# Task description:
From the data below, return only the lines from the one with "Скачать Stickman Ghost" through the one with "Септември ЦСКА 19481", exact and inclusive, with pictures left out.

# Input data:
※

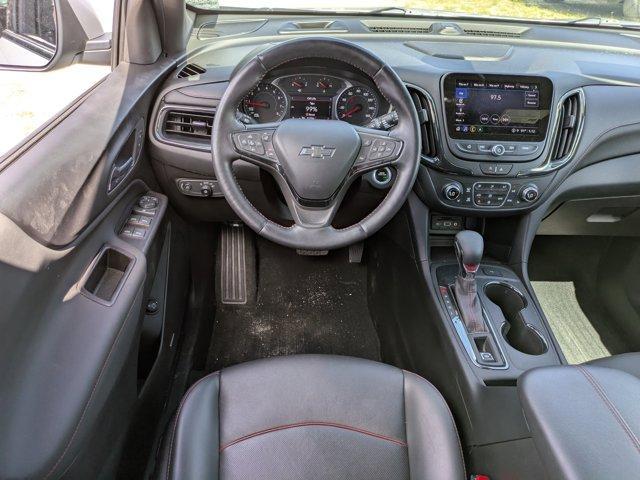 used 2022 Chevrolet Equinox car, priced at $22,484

※

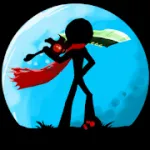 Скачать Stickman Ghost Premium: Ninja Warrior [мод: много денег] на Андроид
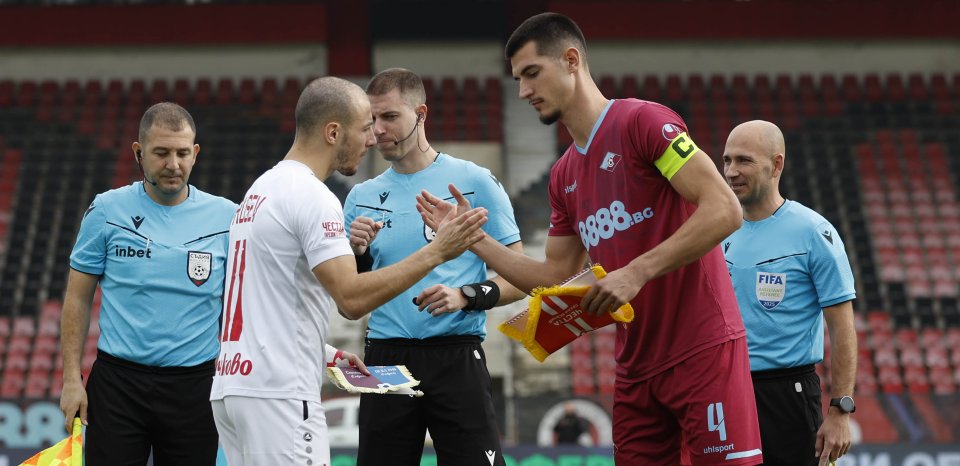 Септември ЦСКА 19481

※

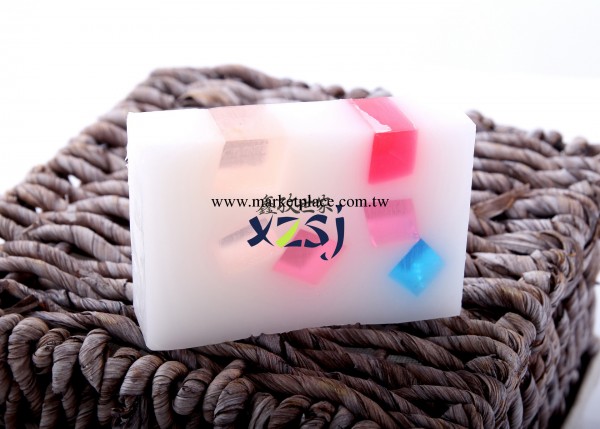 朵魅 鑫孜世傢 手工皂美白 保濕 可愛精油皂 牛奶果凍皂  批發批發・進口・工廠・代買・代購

※

# Answer for the task:
 Скачать Stickman Ghost Premium: Ninja Warrior [мод: много денег] на Андроид
 Септември ЦСКА 19481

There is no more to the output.